Government and public sector ERP: four essential features
Any useful ERP platform requires the compliance and execution of a range of feature sets ranging from comprehensive accounting, to inventory, warehousing and logistical components. However, for a government or public sector ERP, these critical elements are enhanced by the application of more specialized requirements.
This is largely due to legal, regulatory, and policy standards that are not applicable in the private sector. Consequently, we thought you might enjoy reviewing four of the more important feature differences between civil and government ERP platforms.
1. Data transparency
Beginning in the mid-90s with the Clinton administration’s interest in updating government paper record handling, followed by the Bush administration and its general movement toward update the Federal bureaucracy to leverage more efficient digital information processing, data transparency has become critical to the efficacy of governmental operations. Part of this rationale relates to the sheer practical density of records handled on any given day.

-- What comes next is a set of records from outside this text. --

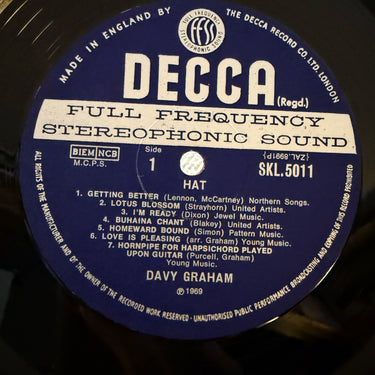 DAVY GRAHAM <br> HAT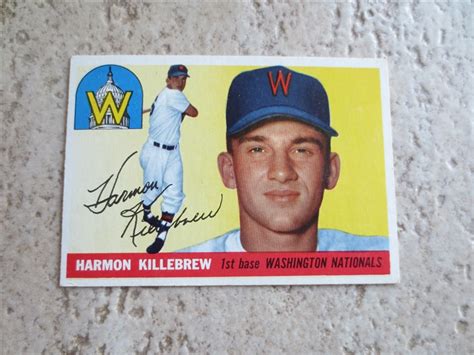 Lot Detail - 1955 Topps Harmon Killebrew Rookie Baseball Card in Very ...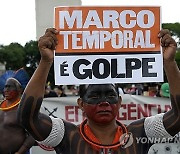 Brazil Indigenous Protest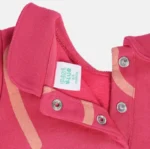 Girls Pink Printed Long Sleeves Top With Leggings - Image 4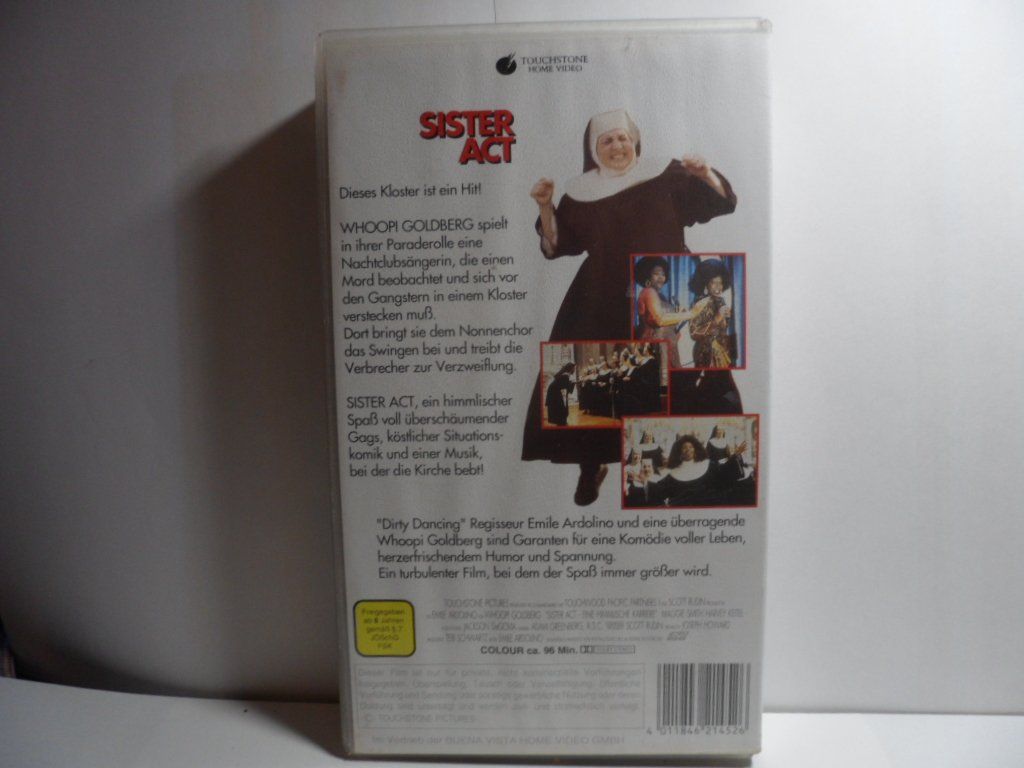 Alle VHS: VHS   Whoopi  Goldberg   SISTER ACT – Gebraucht aus Langnau i. E. von mar_hw58 1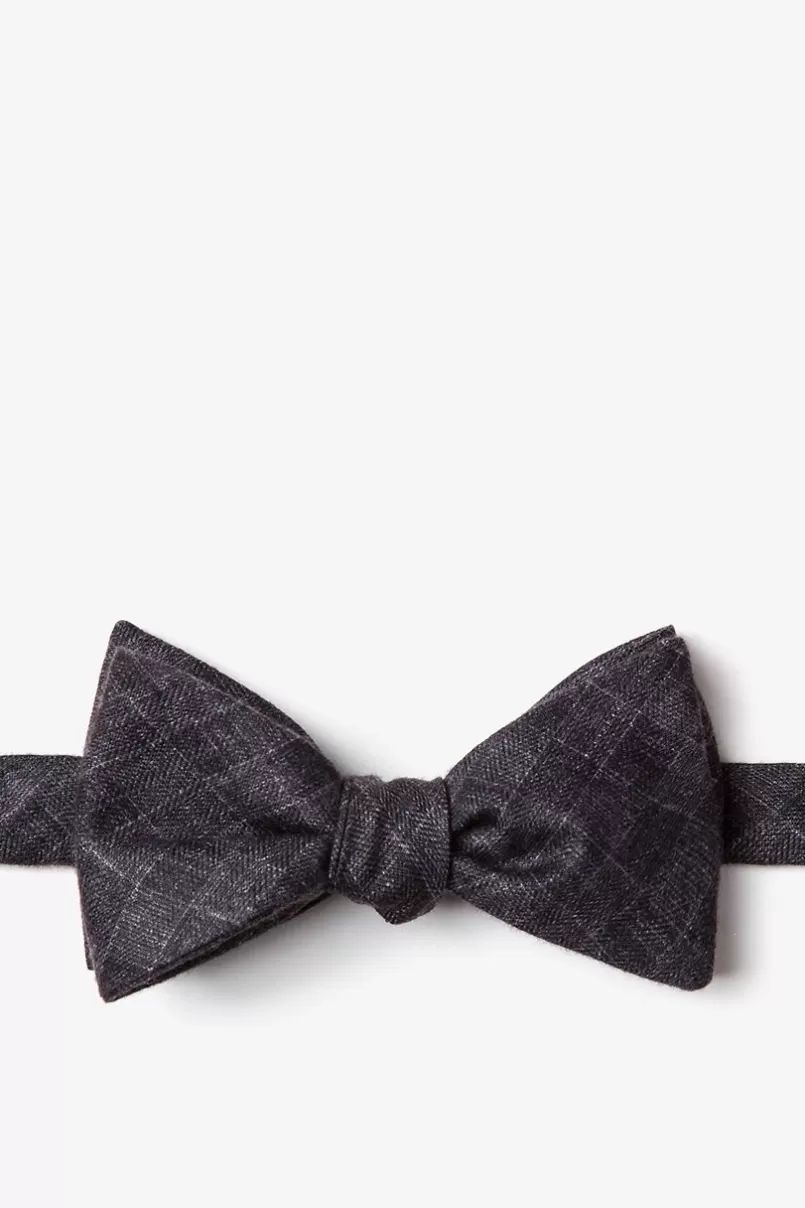 Ties Prescott Self-Tie Bow Tie Gray Online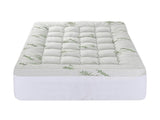 Giselle Bedding 1500GSM Pillowtop Mattress Topper Bamboo Mattress Pad for Back Pain Relief Washable TOPPER-BAM-11-S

With the Obama administration’s interest in information transparency, in 2008 the gate was flung open wide by calling for enhanced and more granular processing that fostered dependencies associated with binding individual record densities with various overarching policies. Today, in the realm of government ERP, all major systems number transparency as a critical feature.
2. Policy handling
In parallel with considerations regarding data transparency, government ERP and public sector ERP also require an intrinsic ability to create, store and deliver policy-based information as a core feature requirement. In this event, the elemental module behaves similarly to civil business rule indexes, although in the case of governmental operations, the policy datastore must be much more comprehensive than its less granular systems brother.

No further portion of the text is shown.